Acer Aspire 5100 Sp3 cant recognize 4gbSDHC card .Is there any fix or driver to fix this problem or only solution is connecting extra card reader ..please help.


----------



## Riskyone101 (Oct 22, 2008)

Hello catmando,

Go here and download cardbus driver:
http://gd.panam.acer.com/home/

Put your operating system in also.


----------



## catmando (Aug 26, 2007)

Thanks for a quick reply Riskyone101...i downloaded the driver and open and run setup files...but still no luck..may be i did something wrong or is there any other procedure?


----------



## Riskyone101 (Oct 22, 2008)

oh wait a sec..oops

4gbSDHC card = is this a card you slide into the card reader of a pc?

plug in your 4gbSDHC card
now go look in device manager for any yellow ! marks
and post them here please.


----------



## catmando (Aug 26, 2007)

yes its built in card reader in my laptop..thanks Riskyone..actually its working now ..and solution is the driver downloaded from acer didn't work for me but i find the same driver in another site and dl and run it voila its working now..thanks a lot for ur help


----------



## Riskyone101 (Oct 22, 2008)

hhhmmm...well im glad you got it sorted!...:grin:


----------



## starcrow (Dec 20, 2011)

Hi catmodo,

I do have the same problem that you had with my Acer Aspire 5100 on winxp Sp3 cant recognize 4gbSDHC card.

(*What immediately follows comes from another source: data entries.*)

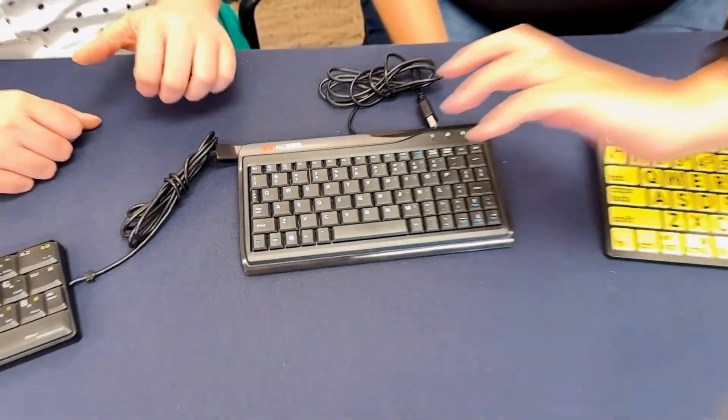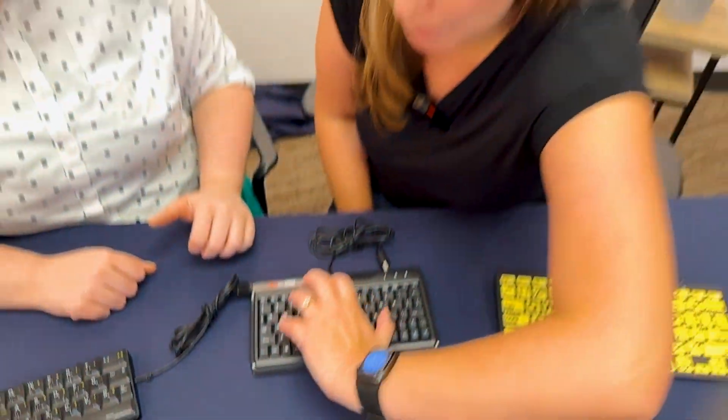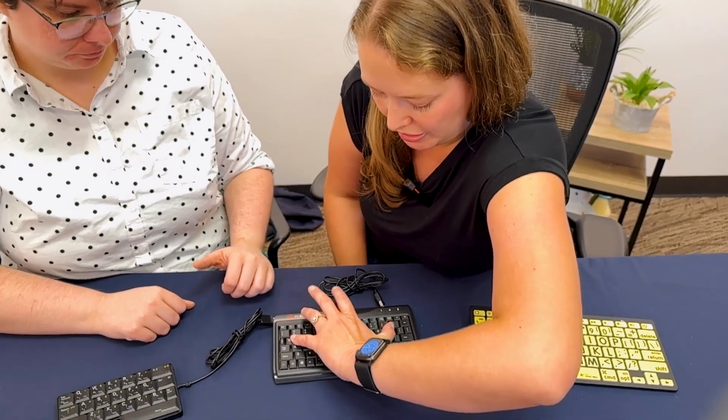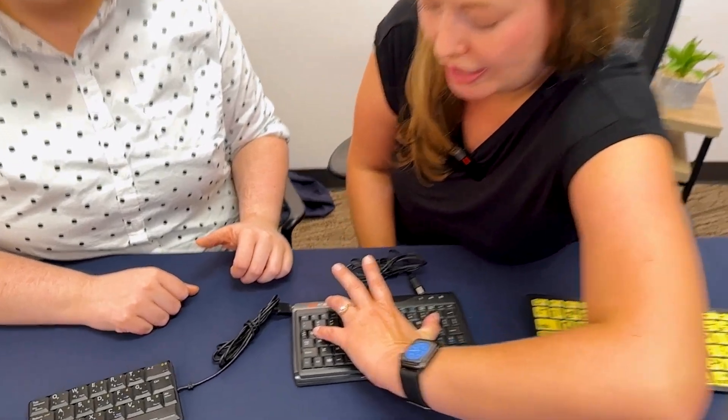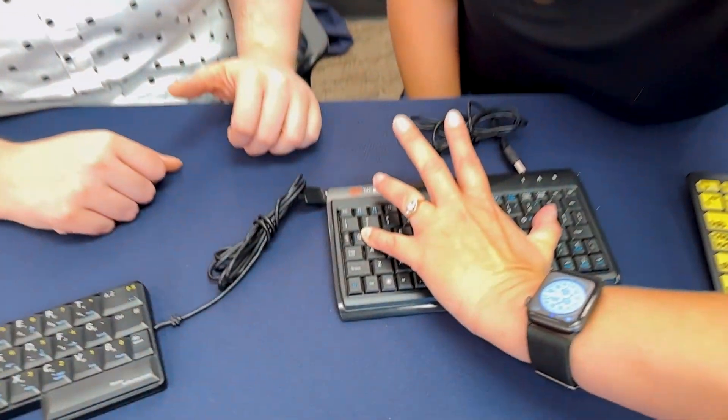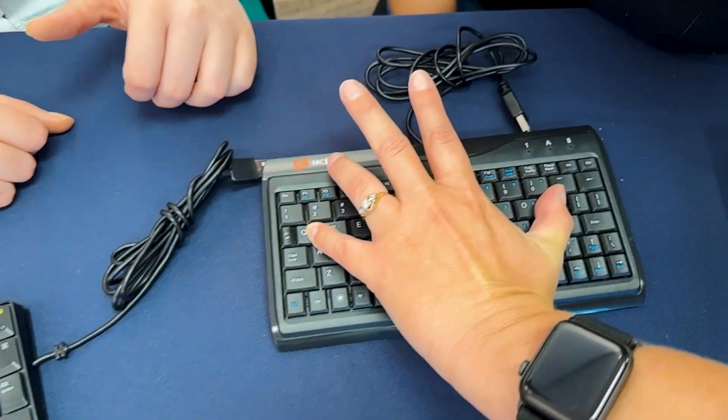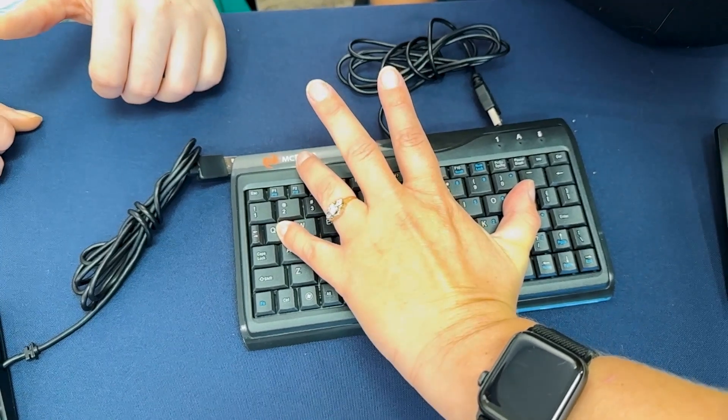Even if you have a small hand, you can reach from Q to P with one hand, and my hands aren't all that big.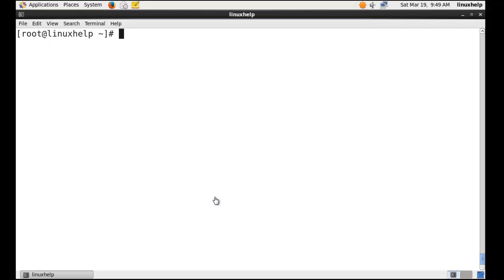Welcome to linuxhub.com. In this video tutorial, I am going to install an open-source web-based network monitoring tool called Munin.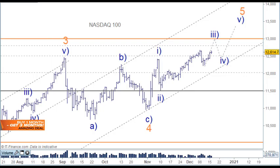Welcome to Trading Lounge and the US Indices for the 17th of December. We're going to look at the NASDAQ, then a few NASDAQ stocks, and then we'll look at the S&P.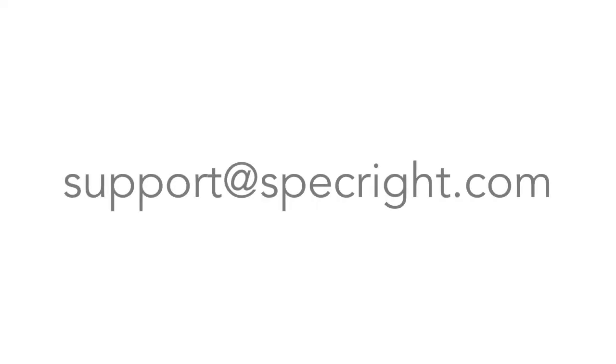If you have further questions, you can reach out to our customer support team by emailing us at support at specright.com.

You said that you solved the problem by downloading the same driver from a different site.

Can you please tell me the download link?

That would save me a lot of flustrations because the Microsoft fixes and the official Aspire drivers are not working at all.

10X m8


----------



## starcrow (Dec 20, 2011)

any help please?


----------



## catmando (Aug 26, 2007)

Hi Starcrow..I forget the website where i had downloaded the driver...top of that My acer has died few months ago otherwise i can send you that driver files directly..but Google is your friend u can try different driver i am sure it gonna works ...sorry i really wanna help you but its long time back so forget ..but i also Google for that driver so good luck if i remember anything i will definitely contact you.


----------



## starcrow (Dec 20, 2011)

10x for your support catmando


----------